If my understanding is wrong, what’s other restrictions I need pay attention?
Thanks in advance.
Clock ZHONG
Jason,
I read explanation in Keras website:
https://keras.io/getting-started/faq/#how-can-i-use-stateful-rnns
It seems if we could ensure the samples sequence in a training batch, then the batch size could be set as any number.
And if the test dataset follows the training dataset, then we could use them to predict directly without state reset, I believe so.
Thanks!
Clock ZHONG
Sure, try it.
Hi Jason,
Thanks for the wonderful explanation on LSTM.
I have tried running the code. However, I am getting an error – Keyword Error 1 when I difference the series.
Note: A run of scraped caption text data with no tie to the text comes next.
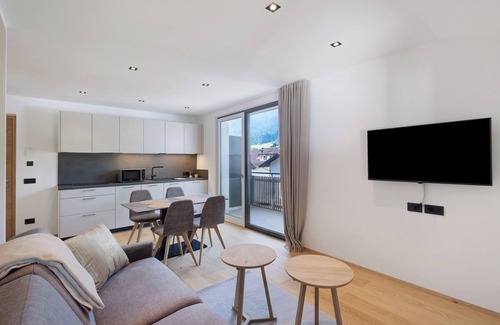 Villabassa Apartamento | Apartamento "Hofer Marianna" con vistas a la montaña, wifi, balcón y jardín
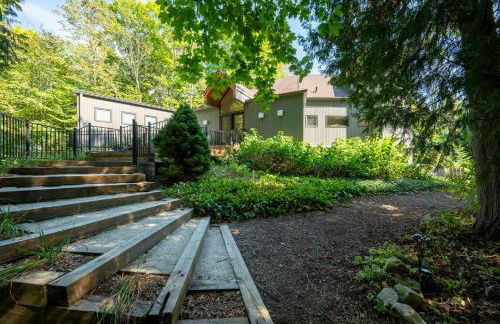 Modern Home Walk to Downtown, Hot Tub & GameRoom - Foto 10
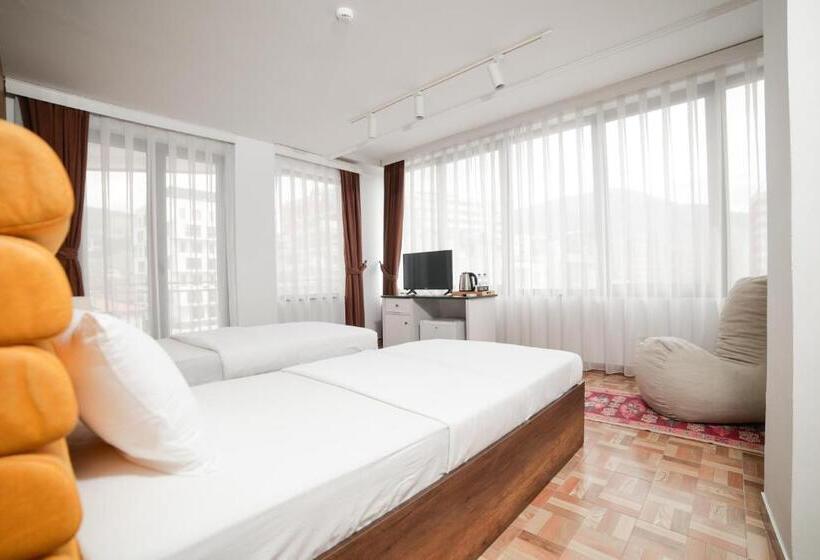 Habitación Estándar, Denis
The error comes after running the following piece:
# transform to be stationary
differenced = difference(series, 1)
It would be great if you could help me out with this.
Thanks!
Ridhima Kumar
Perhaps double check that you have copied all of the code?
Hi Jason,
Thanks for the Awesome tutorial. Sorry if I’m stupid asking this here, New to application level ML. Only have amateur knowledge in the area, trying to learn by building a web app.
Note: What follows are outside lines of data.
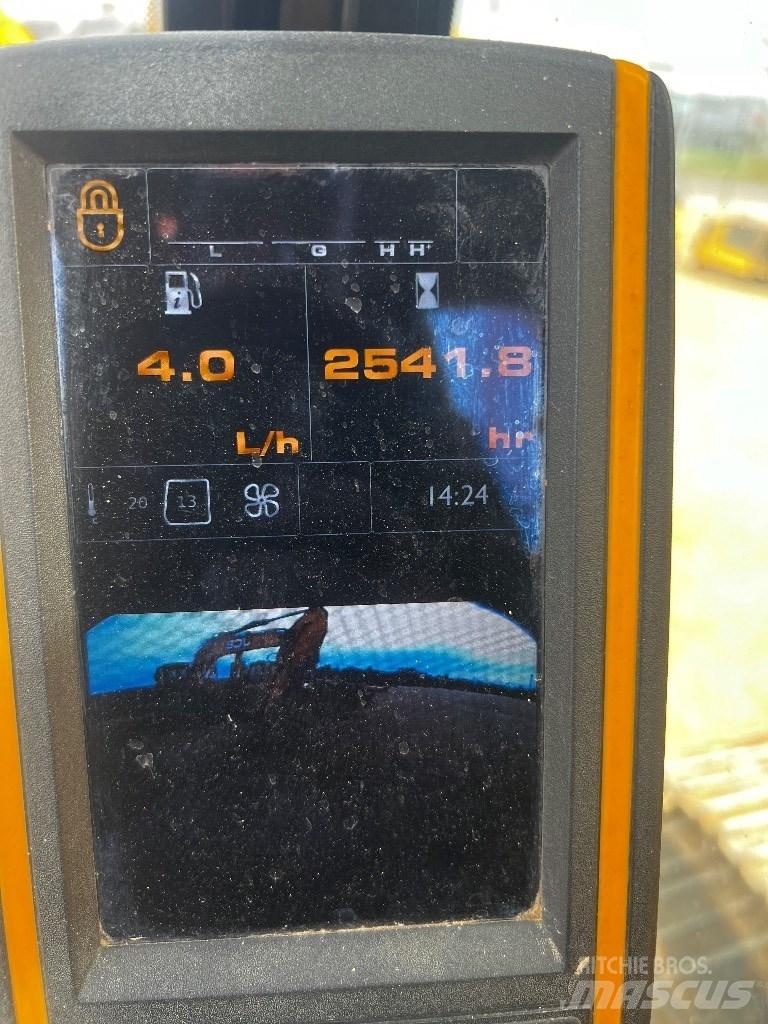 JCB JS 220 N LC Crawler excavators
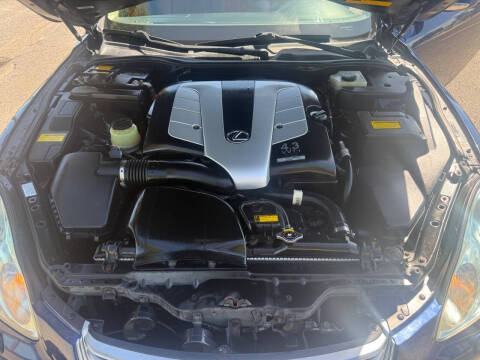 2005 Lexus SC 430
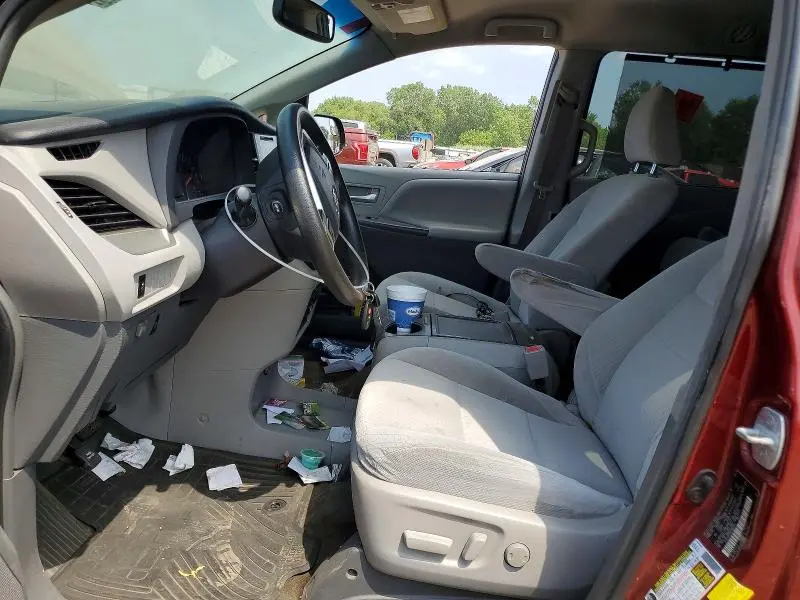 2016 TOYOTA SIENNA LE  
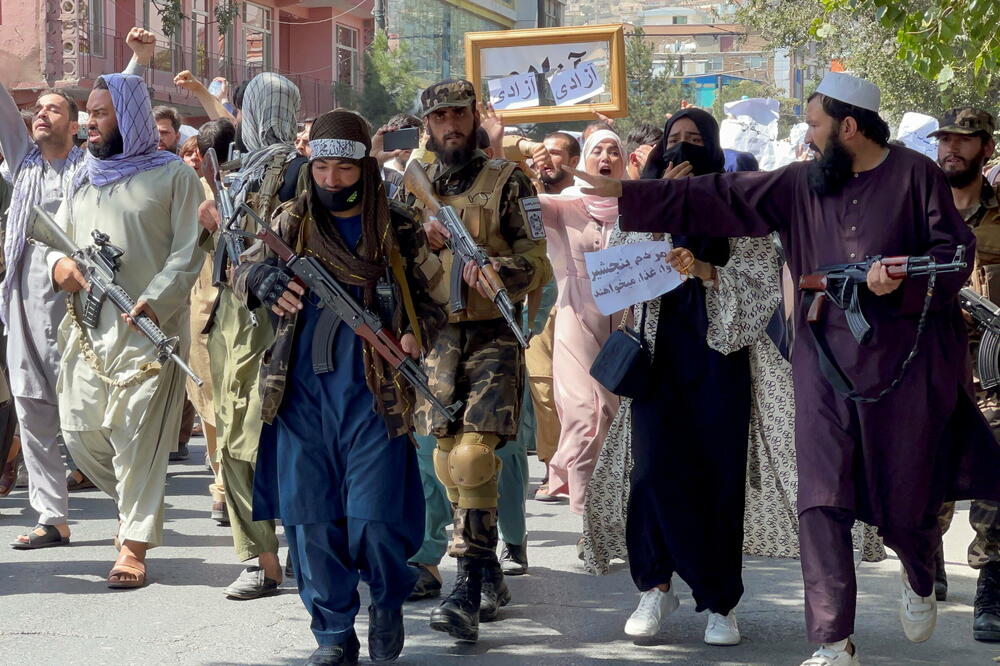 Talibani hodaju ispred demonstranata na protestu, Foto: REUTERS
I’m using a sample data of three years to forecast the price for next 3 years- made up my dataset exactly like the sample used here, I followed your tutorial and everything worked fine till the last steps (lol I know how to copy-paste)
But I’m now stuck at writing the code for forecasting the next 3 years price.
What is the error for the last step?
I’m not getting any errors, but I have no idea on writing the code for say forecast the values for the year 2030.
Simply: I want to forecast the 4th 5th and 6th years using this model, so how do I modify my code?
Ho Peter, this post will show you how to do a multi-step forecast:
https://machinelearningmastery.com/multi-step-time-series-forecasting-long-short-term-memory-networks-python/
Hi Jason,
thank you for your tutorial. I have a question for you. I copied your source code and changed the parameters for the number of epochs and units (LSTM) to 10 and 1. With this configuration I achieved very good results. If I now comment out the lines that are responsible for training the neural network, I get the same results. How is that possible?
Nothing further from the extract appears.